Honorable mentions start here.

The Savior

"Picking up worms from the street and sidewalks when it rains and moving them into the dirt so they don’t burn in the sun, every time it rains I do this."

– sky_kitten89

Hero Of The Moment

"Yoooo I scoot SO many snails and worms. I work as a tech/mechanic at an automotive shop, I had a peoject car towed to my house the other day and it was covered in snails. I saw them when the tow guy/coworker was unloading and I was like, 'oh! It comes with free snails!' and began moving them. He laughed then realized and said, '... Oh, you're serious. Uh... Okay.'"

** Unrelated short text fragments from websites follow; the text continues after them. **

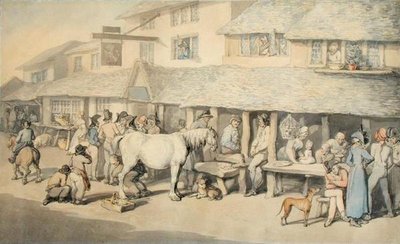 Französische Gefangene auf Ehrenwort in Bodmin, Cornwall, 1795 von Thomas Rowlandson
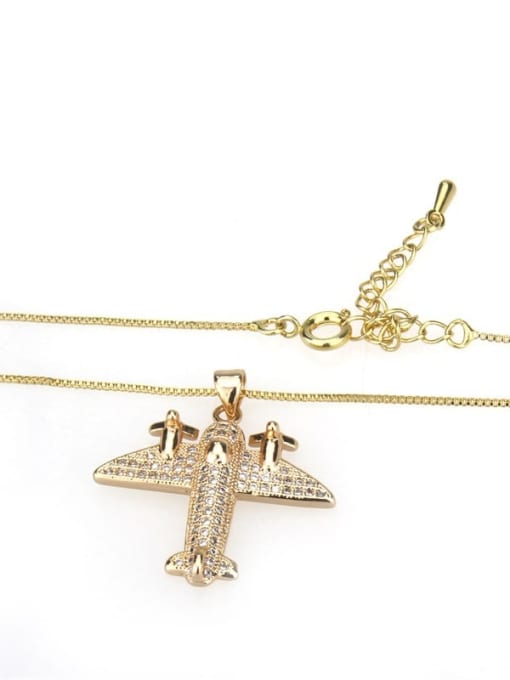 renchi Brass cubic zirconia  vintage aircraft Pendant Necklace 4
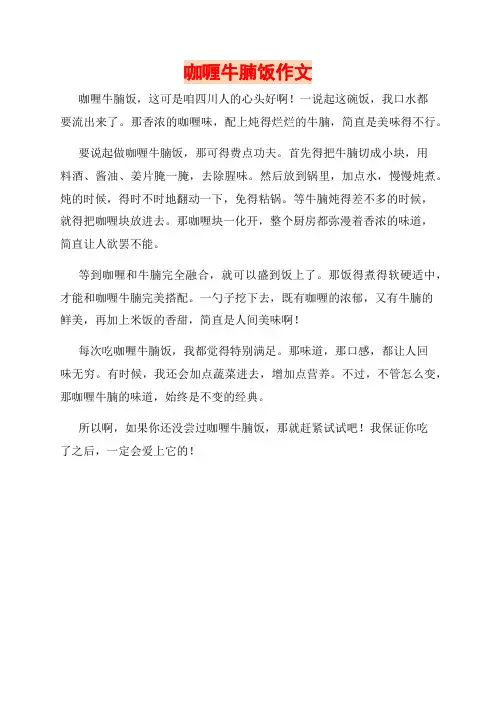 咖喱牛腩饭作文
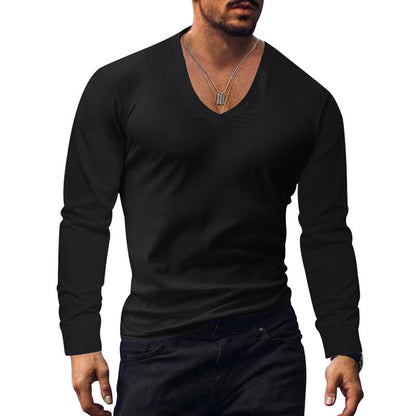 Herren T-Shirt Langarm V-Ausschnitt Modern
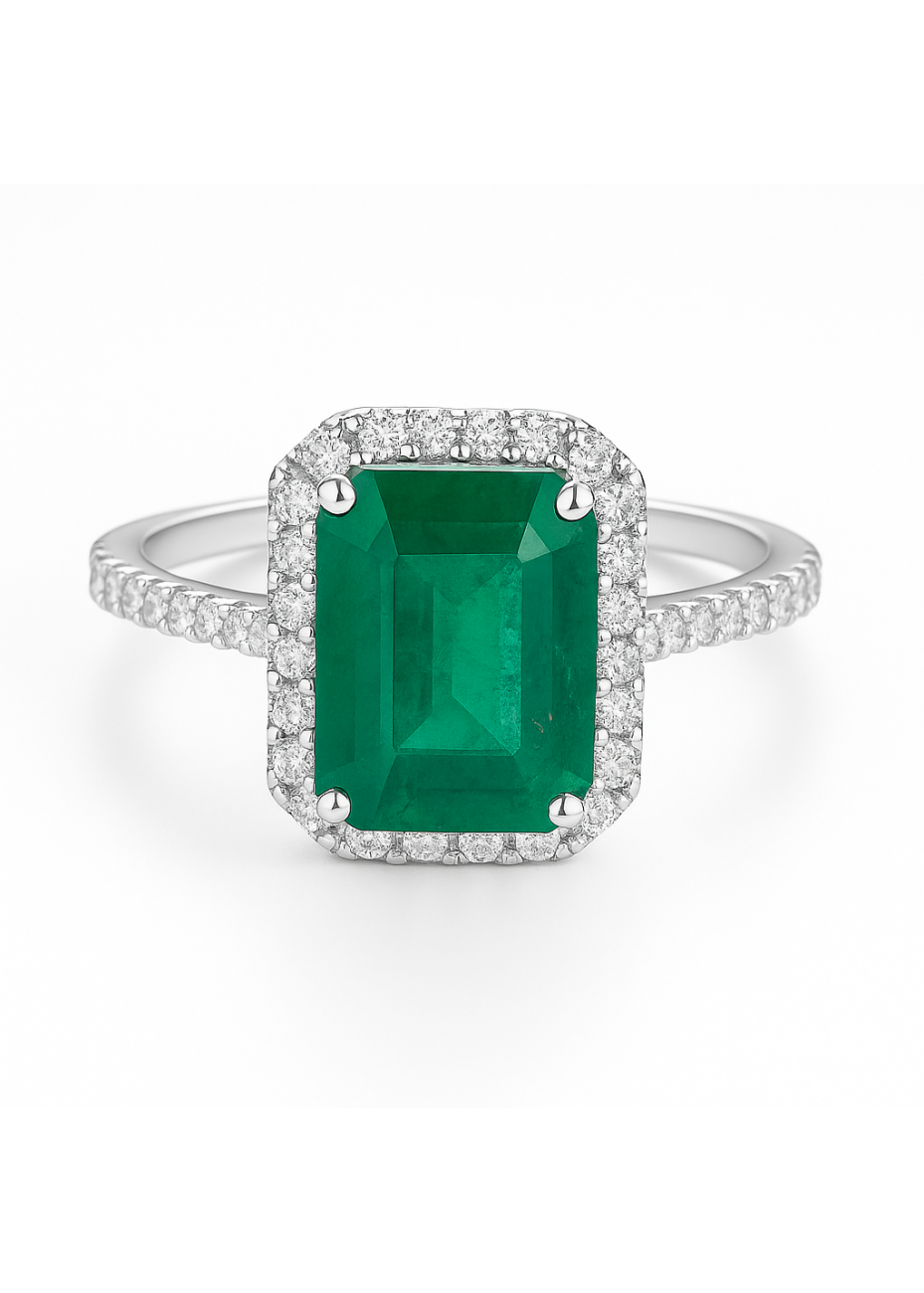 Sortija oro blanco, esmeralda y diamantes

"I don't care who knows it. These little things barely can look out for themselves, why shouldn't we if we can take a moment to help? I don't care what happens next, it probably doesn't matter overall but I can help this moment."

– chris14020

Why should some of the hidden desires mentioned above have to be secret?

Redditors opening up about some of these would make them a hit at parties–no shaming.

As a matter of fact, I'll totally be down for a Forensic Files viewing party where we all make hot chocolate, light the fireplace, and cozy up together in our respective pink ugly nightgowns for old ladies.